Do you find yourself spending a lot of time on social media and other online tools? Do you find yourself not doing the things you really love because of all that time you spend with technology? It’s happening more and more to so many of us. We know what we need to do to be healthy and even happy, but the possibility of that next “like” coming in to give us that little lift seems ever so much more important. 

There’s science that even backs this up. Each time we get a response to our social media postings we get a little bit of a hit of the feel good chemicals that our brain naturally makes. And while that’s a nice thing, we can get those some good vibe chemicals from much more healthy pursuits such as walking, interacting with people in person and, dare I say it, yoga! 

Don’t get me wrong, It’s not a big deal if you use social media. I certainly do all the time. I have many friends in far flung places and it makes staying in touch with them a lot easier. But when these tools of connection keep us from connecting (when’s the last time you saw two people out to dinner together, not talking to each other at all, just looking at their phones?
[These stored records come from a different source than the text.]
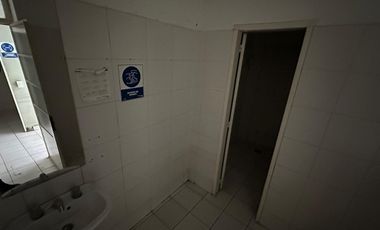 Alquiler Deposito 710 mts en dos plantas San Telmo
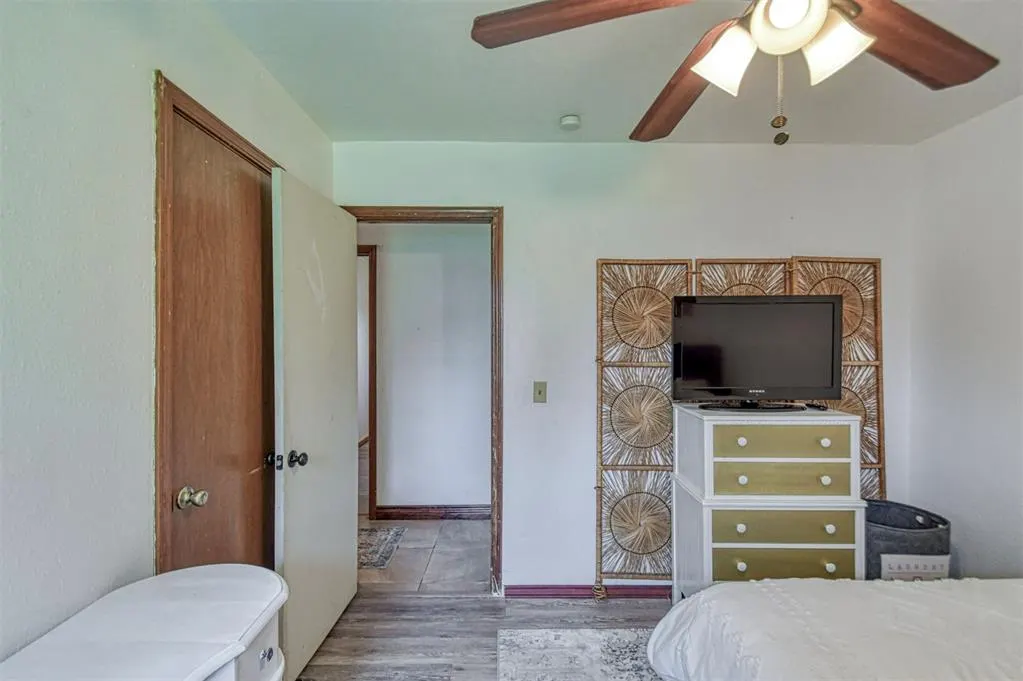 Photo 28 — 505 NW 138th Street, Edmond, OK 73013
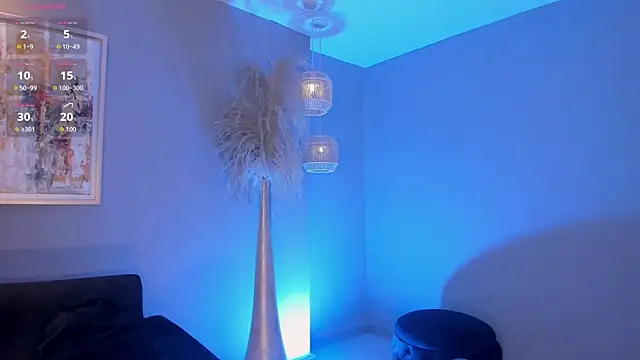 MaddisonLowe online show from 04/11/26, 12:09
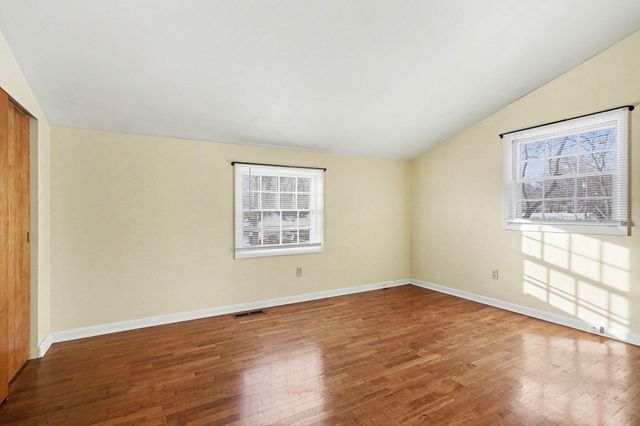 113 Doverdale Lane, Battle Creek City, MI 49015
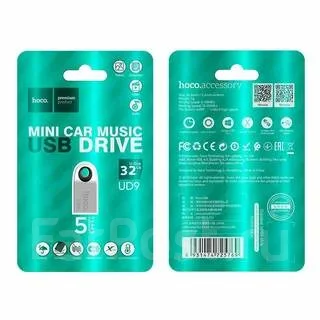 ������ USB 2.0. 16��� ����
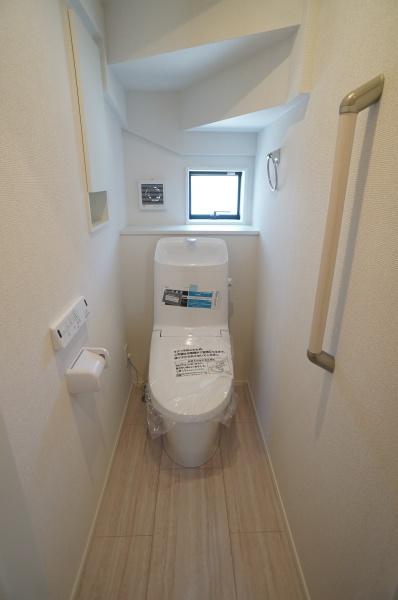 取手市本郷２丁目の新築一戸建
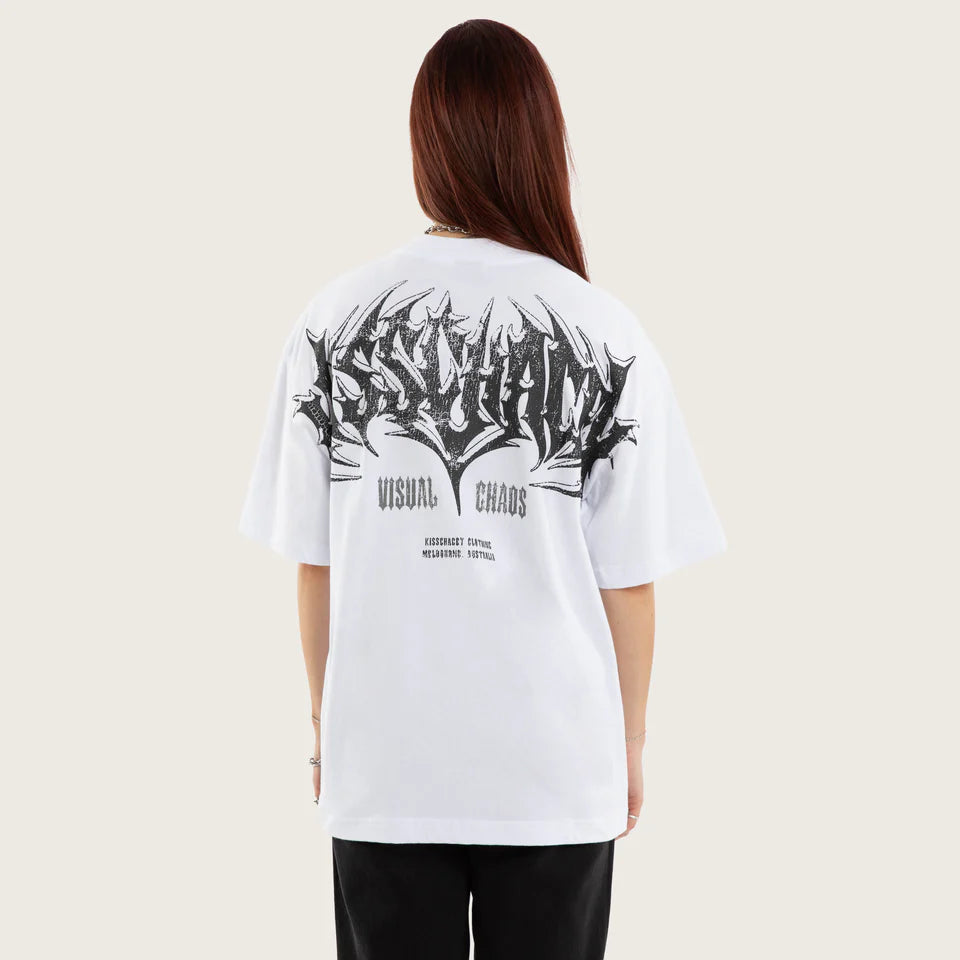 KSCY Liminal Street Tee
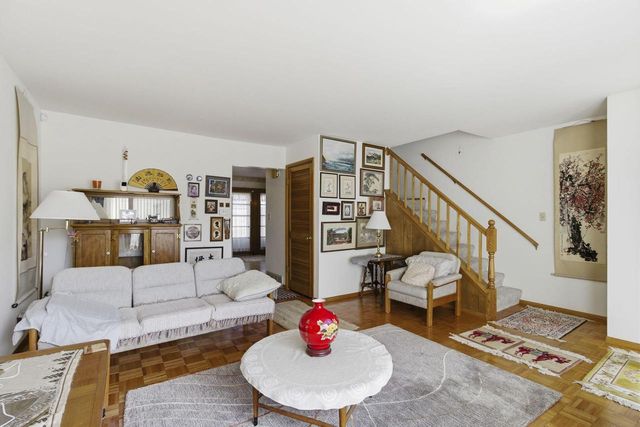 5302 Athens AVENUE, Racine, WI 53406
For me it was just the other day. ;-/) to each other or more importantly, to the things that truly make us healthier and happier, we have a problem.

Aparigraha asks us to find ways to start to loosen our grip on things that impede flow. If we’re constantly grasping at that next like or that next post, we loose a lot of what’s meant to come to us because we can’t even see it (around our phone or computer screen even). So how do we break the cycle? Here are a couple of ideas:

  1. Don’t have your phone in your bedroom or at least don’t reach for it as soon as you wake up. - This can be tough, especially if you have people in your life that may need to get a hold of you at any hour for whatever reason. But if you can at least not start your day by checking your email or social media accounts first, you set yourself up for success for the day.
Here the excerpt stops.